[[ DATA SHOWN open ]]
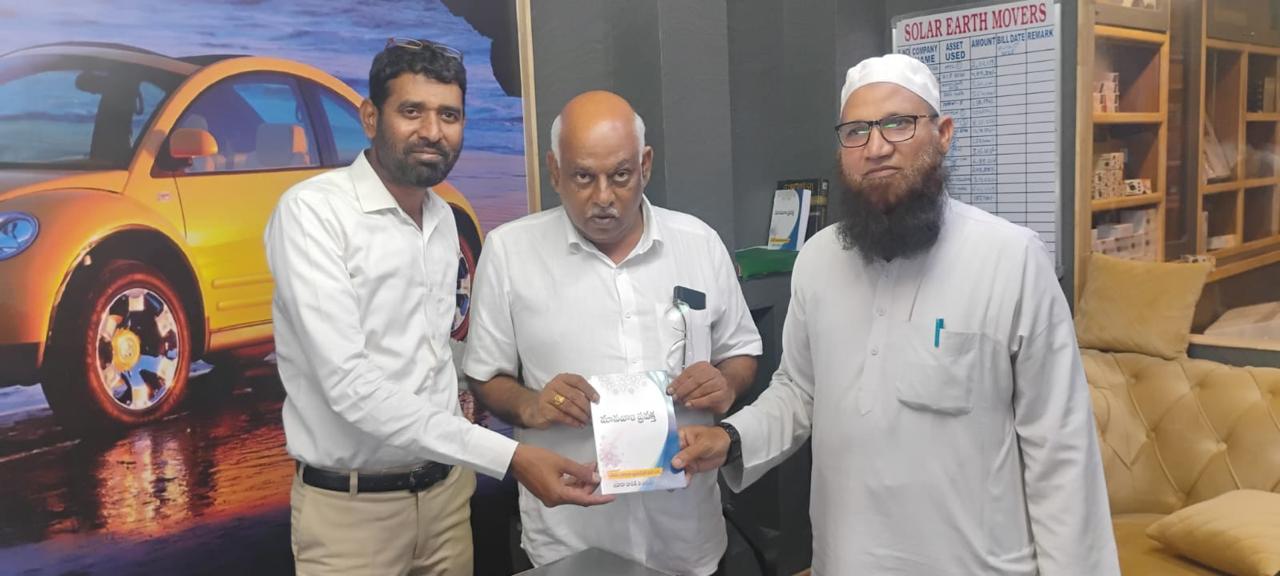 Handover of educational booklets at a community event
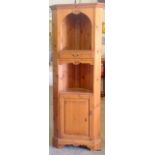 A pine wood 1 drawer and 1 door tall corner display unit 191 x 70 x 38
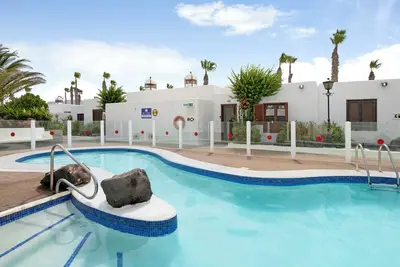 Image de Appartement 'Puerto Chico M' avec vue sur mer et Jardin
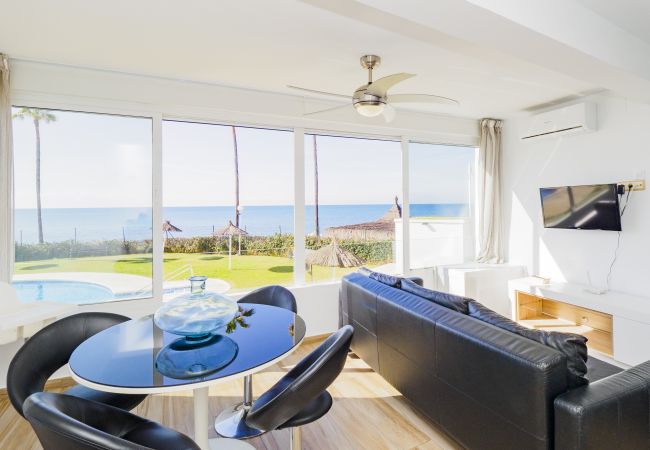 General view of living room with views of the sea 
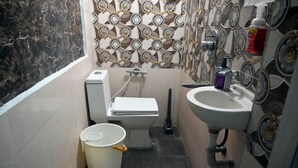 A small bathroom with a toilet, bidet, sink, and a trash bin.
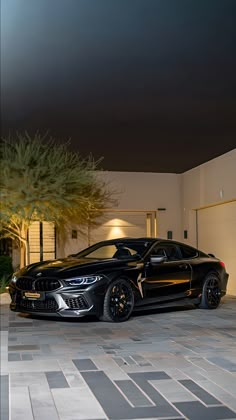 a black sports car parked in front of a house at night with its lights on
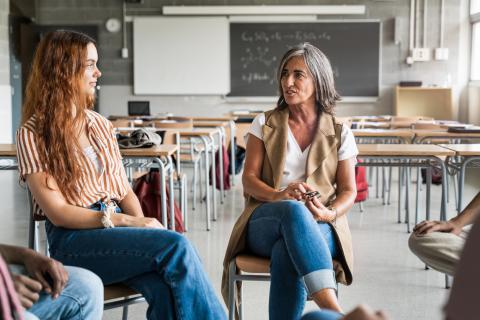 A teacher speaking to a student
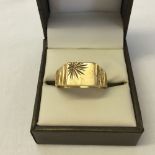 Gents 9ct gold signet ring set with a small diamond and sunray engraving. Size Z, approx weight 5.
[[ DATA SHOWN closed ]]
- [PROBLEM STATEMENT]: Copy word for word each line of the data above, from the first through the one containing "A teacher speaking to a student", and include no pictures.

- [FINISHED EXERCISE]:
 Handover of educational booklets at a community event
 A pine wood 1 drawer and 1 door tall corner display unit 191 x 70 x 38
 Image de Appartement 'Puerto Chico M' avec vue sur mer et Jardin
 General view of living room with views of the sea 
 A small bathroom with a toilet, bidet, sink, and a trash bin.
 a black sports car parked in front of a house at night with its lights on
 A teacher speaking to a student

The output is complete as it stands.